Critique of the Methods
Subjects. Patient selection was based on the presence of dyspnea, rather than limb fatigue, as the limiting symptom during exercise. In terms of CHF severity they were not as severely impaired as participants in some studies (16, 17) but are likely to be reasonably representative of a stable outpatient clinic population.

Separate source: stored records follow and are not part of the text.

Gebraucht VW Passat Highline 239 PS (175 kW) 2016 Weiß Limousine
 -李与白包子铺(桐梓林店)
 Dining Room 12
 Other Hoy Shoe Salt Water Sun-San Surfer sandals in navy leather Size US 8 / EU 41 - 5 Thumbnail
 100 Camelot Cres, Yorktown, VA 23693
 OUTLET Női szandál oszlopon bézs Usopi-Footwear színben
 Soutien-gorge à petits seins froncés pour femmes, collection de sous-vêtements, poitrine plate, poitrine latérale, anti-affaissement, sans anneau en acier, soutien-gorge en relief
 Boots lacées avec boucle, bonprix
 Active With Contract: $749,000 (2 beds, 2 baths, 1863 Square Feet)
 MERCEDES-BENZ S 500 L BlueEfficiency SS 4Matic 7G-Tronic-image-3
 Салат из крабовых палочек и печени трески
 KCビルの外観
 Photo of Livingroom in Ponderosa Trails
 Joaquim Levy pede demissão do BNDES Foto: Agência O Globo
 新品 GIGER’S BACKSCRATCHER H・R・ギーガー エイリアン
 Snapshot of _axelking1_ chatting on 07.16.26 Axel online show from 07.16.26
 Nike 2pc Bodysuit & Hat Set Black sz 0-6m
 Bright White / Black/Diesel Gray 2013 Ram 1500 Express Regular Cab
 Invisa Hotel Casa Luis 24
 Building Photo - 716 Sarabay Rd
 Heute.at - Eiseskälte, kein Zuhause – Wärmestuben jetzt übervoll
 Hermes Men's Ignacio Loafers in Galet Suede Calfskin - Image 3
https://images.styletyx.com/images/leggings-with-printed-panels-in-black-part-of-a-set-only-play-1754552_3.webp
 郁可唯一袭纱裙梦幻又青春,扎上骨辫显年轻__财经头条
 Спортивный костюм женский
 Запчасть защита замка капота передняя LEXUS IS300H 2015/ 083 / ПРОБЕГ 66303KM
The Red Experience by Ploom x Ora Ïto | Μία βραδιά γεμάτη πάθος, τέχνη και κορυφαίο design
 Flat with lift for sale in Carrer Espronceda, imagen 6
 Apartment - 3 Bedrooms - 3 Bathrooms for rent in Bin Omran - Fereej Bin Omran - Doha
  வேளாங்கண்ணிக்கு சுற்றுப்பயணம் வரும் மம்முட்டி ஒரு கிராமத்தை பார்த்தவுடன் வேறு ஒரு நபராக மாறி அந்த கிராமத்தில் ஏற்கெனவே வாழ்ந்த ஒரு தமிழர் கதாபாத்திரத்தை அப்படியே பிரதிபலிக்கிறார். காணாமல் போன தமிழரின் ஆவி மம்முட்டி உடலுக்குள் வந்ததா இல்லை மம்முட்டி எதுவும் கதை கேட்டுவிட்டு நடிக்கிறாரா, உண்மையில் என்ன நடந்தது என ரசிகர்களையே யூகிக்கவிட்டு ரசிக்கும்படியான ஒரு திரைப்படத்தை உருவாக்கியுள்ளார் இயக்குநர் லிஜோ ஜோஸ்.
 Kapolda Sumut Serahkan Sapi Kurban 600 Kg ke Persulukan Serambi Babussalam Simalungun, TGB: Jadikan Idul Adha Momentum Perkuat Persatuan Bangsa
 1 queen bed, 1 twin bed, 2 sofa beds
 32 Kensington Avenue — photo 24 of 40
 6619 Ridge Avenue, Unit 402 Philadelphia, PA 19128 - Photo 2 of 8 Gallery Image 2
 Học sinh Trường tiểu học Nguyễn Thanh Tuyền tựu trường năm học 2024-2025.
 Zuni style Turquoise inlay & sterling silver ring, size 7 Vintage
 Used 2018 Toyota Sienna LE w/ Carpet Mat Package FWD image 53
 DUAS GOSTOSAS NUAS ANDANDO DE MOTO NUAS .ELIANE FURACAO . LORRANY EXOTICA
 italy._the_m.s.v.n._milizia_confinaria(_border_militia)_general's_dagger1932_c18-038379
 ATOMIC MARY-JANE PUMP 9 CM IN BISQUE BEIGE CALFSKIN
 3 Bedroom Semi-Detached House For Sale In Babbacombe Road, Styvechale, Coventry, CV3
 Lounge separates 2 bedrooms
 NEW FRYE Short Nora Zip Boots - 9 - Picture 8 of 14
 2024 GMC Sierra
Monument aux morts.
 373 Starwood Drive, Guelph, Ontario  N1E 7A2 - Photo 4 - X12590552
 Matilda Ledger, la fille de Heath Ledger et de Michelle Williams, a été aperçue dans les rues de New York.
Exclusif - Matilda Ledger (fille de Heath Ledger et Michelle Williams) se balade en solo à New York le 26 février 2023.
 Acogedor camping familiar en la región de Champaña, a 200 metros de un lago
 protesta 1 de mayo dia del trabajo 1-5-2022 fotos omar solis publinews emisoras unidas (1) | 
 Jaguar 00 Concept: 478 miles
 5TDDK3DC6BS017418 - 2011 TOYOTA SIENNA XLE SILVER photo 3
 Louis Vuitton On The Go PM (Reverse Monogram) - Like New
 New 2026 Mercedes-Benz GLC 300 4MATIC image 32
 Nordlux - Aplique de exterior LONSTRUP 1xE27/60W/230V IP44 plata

Protocol. Our patients walked until severe dyspnea prevented further exercise, whereas normal subjects exercised to
achieve a minute ventilation comparable to that in patients with
CHF in order to determine whether the level of ventilation attained at peak exercise in CHF was associated with excessive
inspiratory muscle loading in normal subjects. It is known that
slowing of inspiratory muscle relaxation rate (8) can be demonstrated in well-motivated normal subjects after maximal
isocapnic ventilation at rest and that diaphragm fatigue can be
elicited if very high levels of ventilation are achieved during
whole body exercise (18). Thus the purpose of the control
group was to allow comparison of the effect of similar levels of
ventilation with those achieved by the patients with CHF at
peak exercise, rather than to investigate in normal subjects
whether maximal exercise could produce slowing of inspiratory muscle MRR. For this purpose we consider the control group to be appropriate in that they achieved a higher proportion of predicted 
O2max with no significant differences in
the pattern of breathing in terms of respiratory rate, duty cycle, or pressure-time product at the point of discontinuing exercise. We therefore believe the finding that slowing of Sn Pes
MRR is more pronounced in patients with CHF than in control subjects to be due to their disease.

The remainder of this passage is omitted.